Add TMA example for Hopper H100
This sample code shows how to create a TMA descriptor using the driver API and how to initiate a TMA transfer using inline PTX.
I have not yet gotten the chance to copy over the Makefile from other directories. What is the preferred solution here? Also for creating the Visual Studio solution files?
This example can only be compiled with -arch sm_90. Previous architectures are not supported.
Maybe modify the printf to state that the following code will fail. You have
Care must be taken to ensure that the coordinates result in a memory offset that is aligned to 16 bytes. With 32 bit integer elements, x coordinates that are not a multiple of 4 result in a non-recoverable error:
Maybe add the following functions should fail due to ....
Thanks! I agree that seeing the end of the example fail is confusing. I have taken your suggestion and also added (as expected) to each line with a failure. This should make it more obvious that the final lines document that the kernels should fail.

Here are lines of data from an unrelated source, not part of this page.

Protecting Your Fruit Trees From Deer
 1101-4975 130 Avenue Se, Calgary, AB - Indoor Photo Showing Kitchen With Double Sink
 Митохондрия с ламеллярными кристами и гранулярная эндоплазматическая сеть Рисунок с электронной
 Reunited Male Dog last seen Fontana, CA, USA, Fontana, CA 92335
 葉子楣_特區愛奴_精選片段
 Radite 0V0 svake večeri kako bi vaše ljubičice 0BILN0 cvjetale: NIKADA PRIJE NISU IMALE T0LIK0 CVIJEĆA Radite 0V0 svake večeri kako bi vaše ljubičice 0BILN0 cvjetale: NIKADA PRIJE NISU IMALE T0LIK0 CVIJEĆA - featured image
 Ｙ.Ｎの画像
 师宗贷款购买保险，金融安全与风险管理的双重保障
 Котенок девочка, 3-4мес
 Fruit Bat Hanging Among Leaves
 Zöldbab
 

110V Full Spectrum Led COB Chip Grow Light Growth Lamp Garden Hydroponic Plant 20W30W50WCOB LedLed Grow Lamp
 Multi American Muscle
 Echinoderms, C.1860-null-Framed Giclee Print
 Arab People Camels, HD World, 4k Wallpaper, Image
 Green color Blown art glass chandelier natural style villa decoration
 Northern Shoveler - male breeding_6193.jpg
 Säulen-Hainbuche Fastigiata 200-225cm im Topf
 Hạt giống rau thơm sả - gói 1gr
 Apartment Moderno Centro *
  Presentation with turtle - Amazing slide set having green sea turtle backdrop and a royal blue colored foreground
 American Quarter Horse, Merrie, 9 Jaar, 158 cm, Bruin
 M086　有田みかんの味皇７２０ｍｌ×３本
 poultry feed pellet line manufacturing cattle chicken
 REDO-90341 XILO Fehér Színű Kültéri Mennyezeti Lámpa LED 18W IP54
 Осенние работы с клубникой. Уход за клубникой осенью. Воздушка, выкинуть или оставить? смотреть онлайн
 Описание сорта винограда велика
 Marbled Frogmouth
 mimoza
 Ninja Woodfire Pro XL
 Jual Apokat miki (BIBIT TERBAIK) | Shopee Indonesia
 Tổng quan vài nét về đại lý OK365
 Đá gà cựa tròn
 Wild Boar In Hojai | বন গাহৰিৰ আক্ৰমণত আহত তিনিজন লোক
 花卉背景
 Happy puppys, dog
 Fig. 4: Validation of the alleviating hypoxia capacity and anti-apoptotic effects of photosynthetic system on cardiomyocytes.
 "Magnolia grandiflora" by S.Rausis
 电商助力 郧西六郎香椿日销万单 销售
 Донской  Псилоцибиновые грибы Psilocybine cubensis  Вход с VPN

**NOTE**: The following code will fail.
Care must be taken to ensure that the coordinates result in a memory offset
that is aligned to 16 bytes. With 32 bit integer elements, x coordinates
that are not a multiple of 4 result in a non-recoverable error:
CUDA error (as expected): an illegal instruction was encountered globalToShmemTMACopy.cu 346
CUDA error (as expected): an illegal instruction was encountered globalToShmemTMACopy.cu 348
CUDA error (as expected): an illegal instruction was encountered globalToShmemTMACopy.cu 350
CUDA error (as expected): an illegal instruction was encountered globalToShmemTMACopy.cu 352
Thanks, run first, ask questions later, that's my motto... when I see errors I tend to look for problems instead of thinking, learning exercise :)
Haha no problem. As they say "you don't have to prepare to win the lottery, but the lottery has to prepare for someone to win". There will always be somebody running the samples in a hurry, even if many people won't. Better to have them covered from the start :)